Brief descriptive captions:
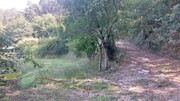 Terreno R�stico - Vilela, Amares, Braga - Miniatura: 6/9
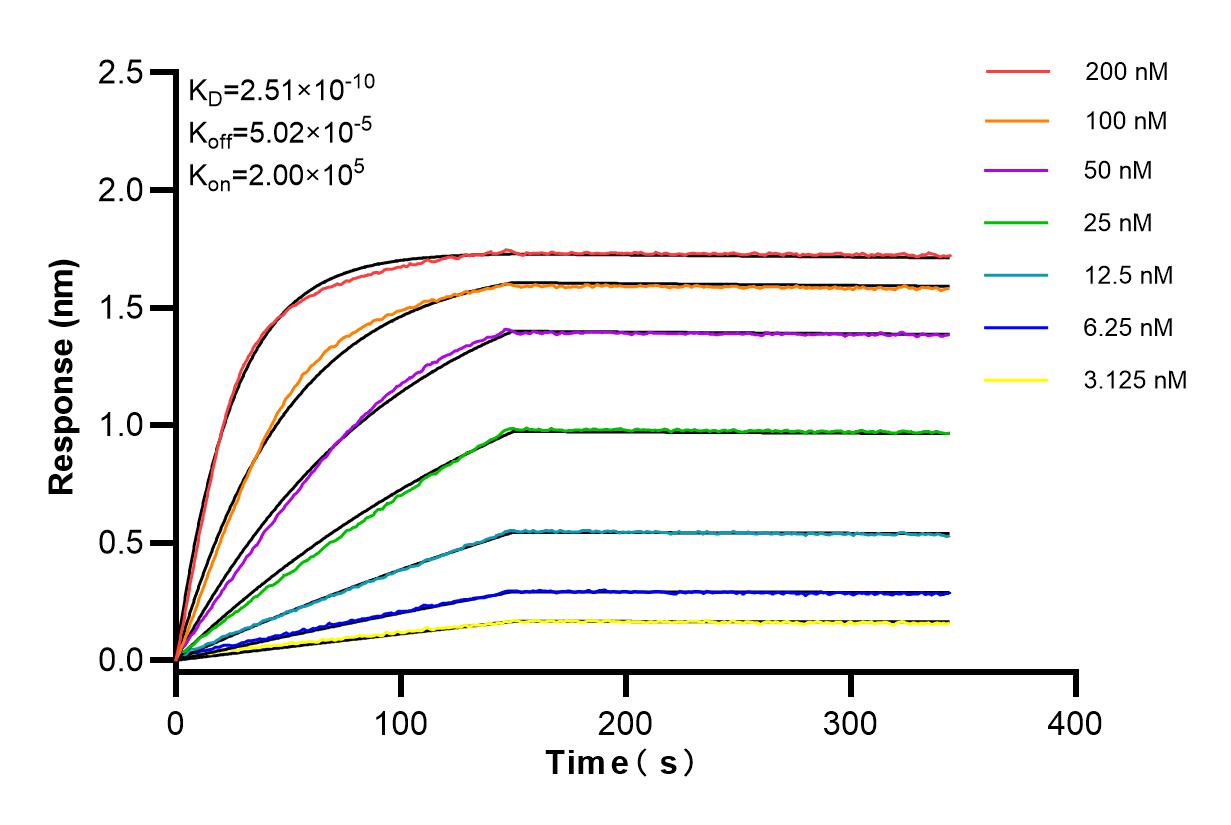 Affinity and Kinetic Characterization of 84056-6-RR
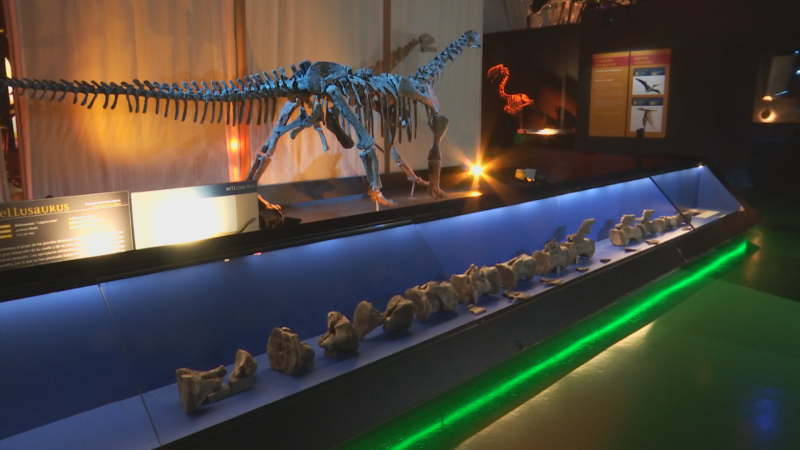 Exposición de un esqueleto de Diplodocus Turolense y vértebras fósiles de su cola en una vitrina iluminada, con paneles informativos y otras exhibiciones en un museo.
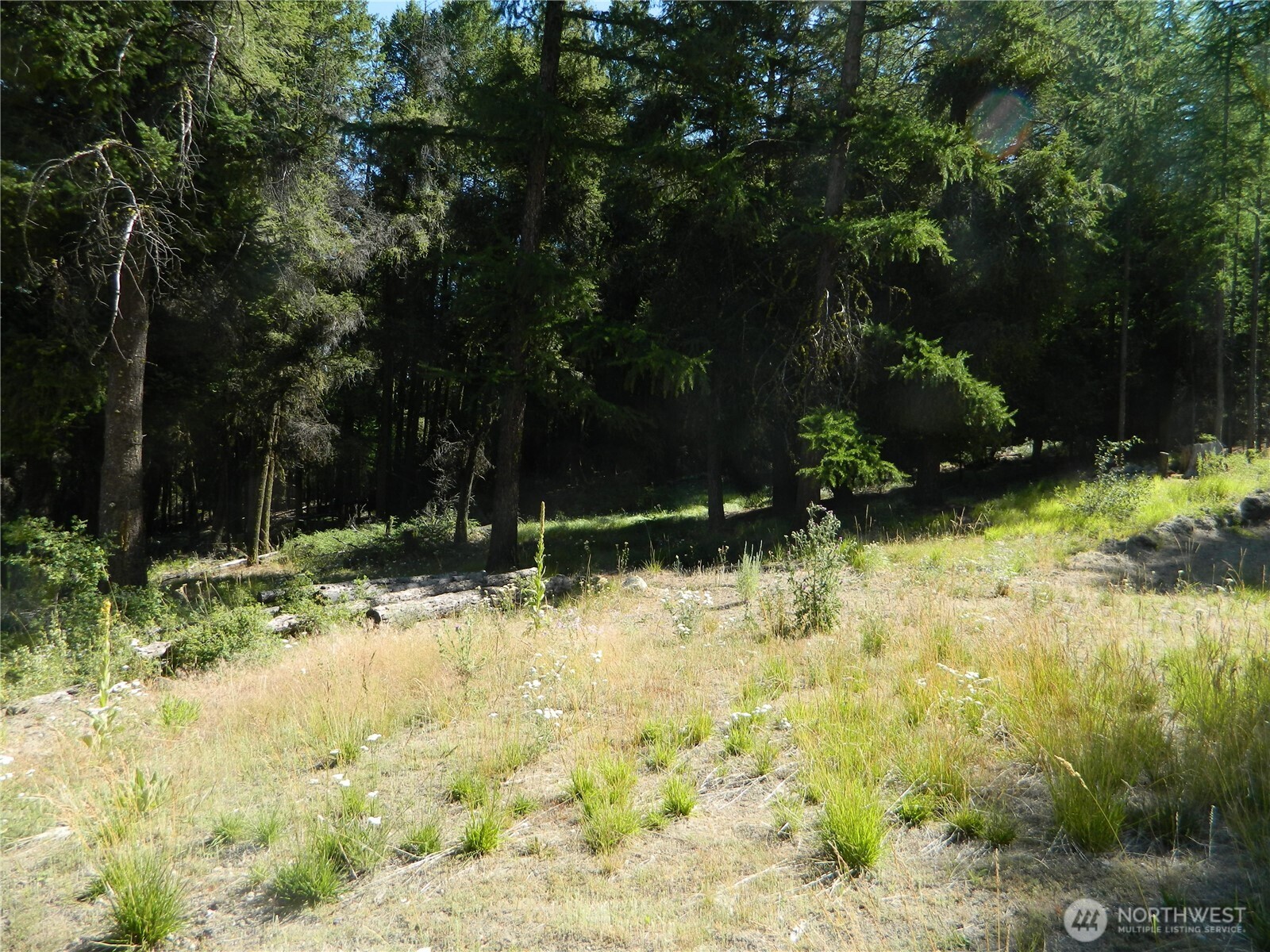 0 Tbd Snowbunny Ridge Drive Property Photo 5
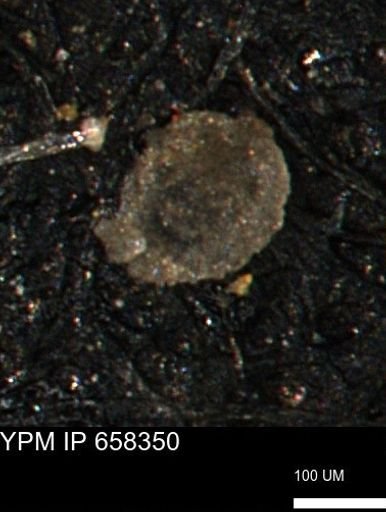 Spirolocammina subcircularis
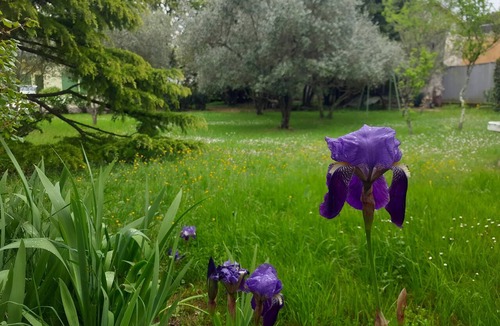 Duino-Aurisina Cottage | Pleasant cottage emersed in nature by Duino castle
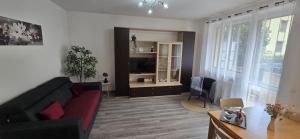 a living room with a couch and a tv at Eve's Home with Garden in Magreglio +12 photos
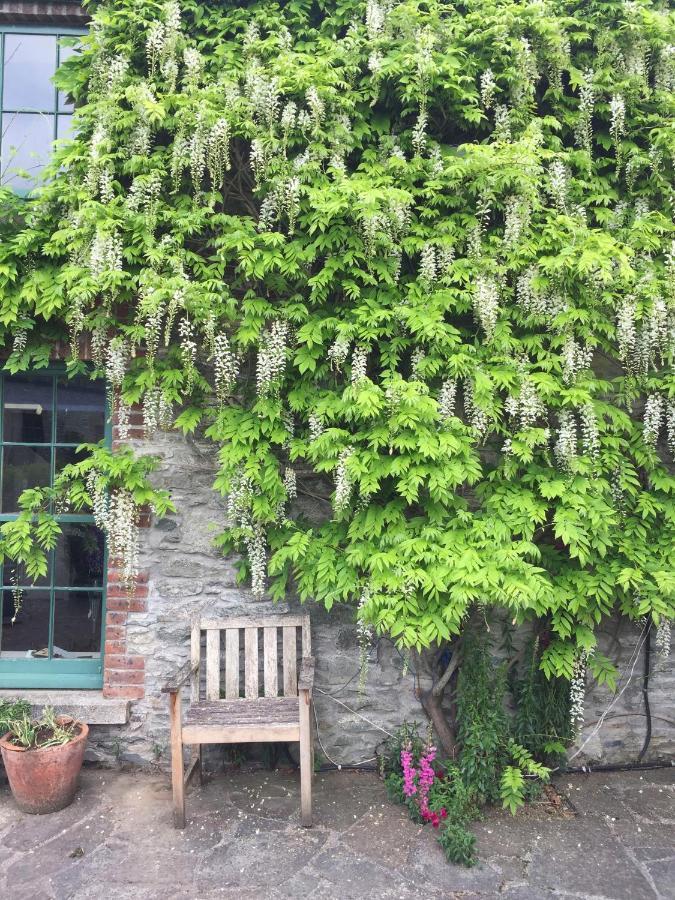 Vila The Stable Yard House At Burtown House & Gardens Athy Exteriér fotografie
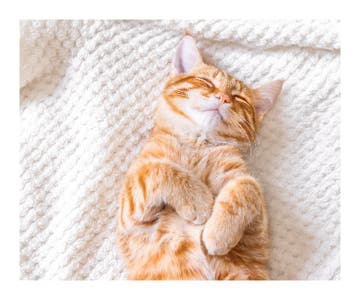 Picture of Blanket Collage -03 50x60 Sherpa
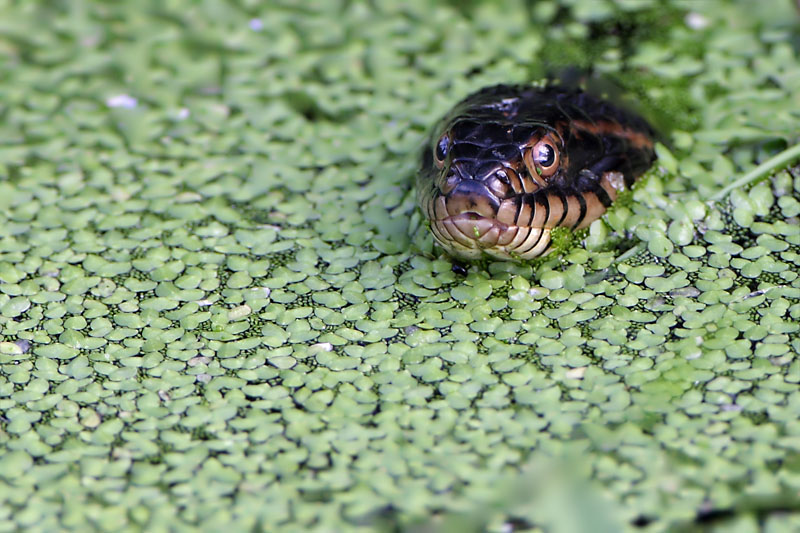 Banded watersnake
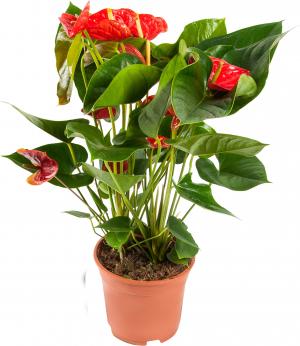 Комнатное растение Антуриум андрианум красный в горшке 35 см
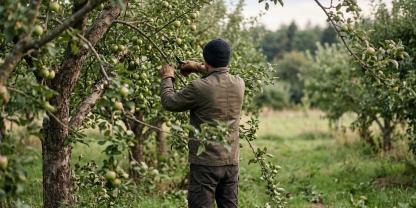 Streuobstwiese-AdobeStock_1959105933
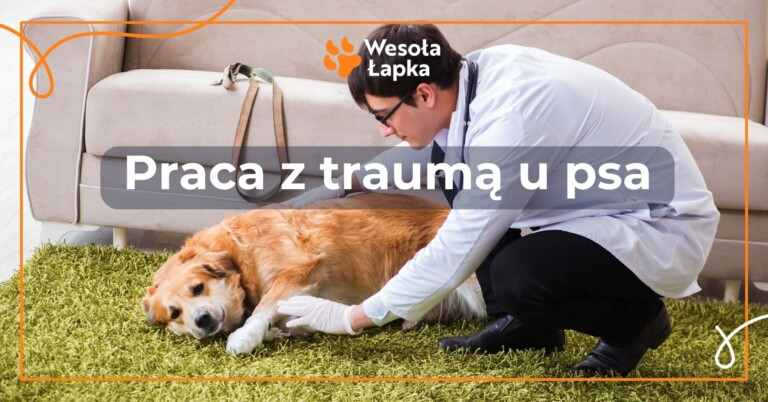 Praca z trauma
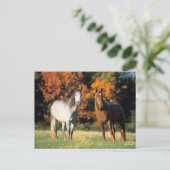 Carte Postale Bob Langrish Deux Arabes se rassemblent sur le ter (Debout devant)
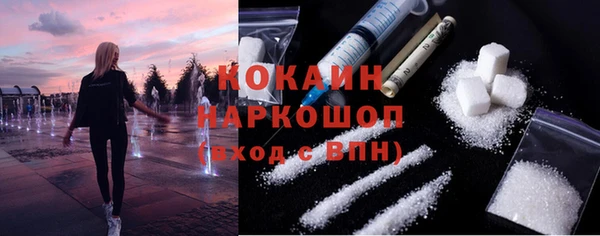 прущие грибы Верхний Тагил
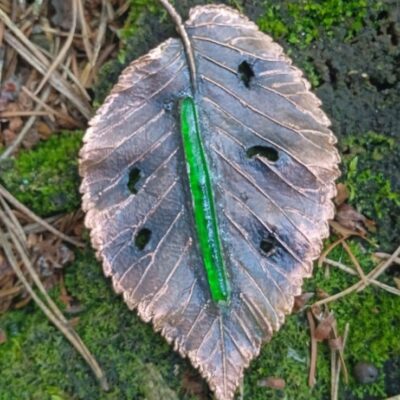 Miedziana broszka z Wiązu polnego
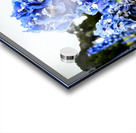 Blue Spire in Bloomstorm: Larkspur Acrylic print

Problem description: Apart from the pictures, the entries above are to be repeated in full and exactly.

Exercise result:
 Terreno R�stico - Vilela, Amares, Braga - Miniatura: 6/9
 Affinity and Kinetic Characterization of 84056-6-RR
 Exposición de un esqueleto de Diplodocus Turolense y vértebras fósiles de su cola en una vitrina iluminada, con paneles informativos y otras exhibiciones en un museo.
 0 Tbd Snowbunny Ridge Drive Property Photo 5
 Spirolocammina subcircularis
 Duino-Aurisina Cottage | Pleasant cottage emersed in nature by Duino castle
 a living room with a couch and a tv at Eve's Home with Garden in Magreglio +12 photos
 Vila The Stable Yard House At Burtown House & Gardens Athy Exteriér fotografie
 Picture of Blanket Collage -03 50x60 Sherpa
 Banded watersnake
 Комнатное растение Антуриум андрианум красный в горшке 35 см
 Streuobstwiese-AdobeStock_1959105933
 Praca z trauma
 Carte Postale Bob Langrish Deux Arabes se rassemblent sur le ter (Debout devant)
 прущие грибы Верхний Тагил
 Miedziana broszka z Wiązu polnego
 Blue Spire in Bloomstorm: Larkspur Acrylic print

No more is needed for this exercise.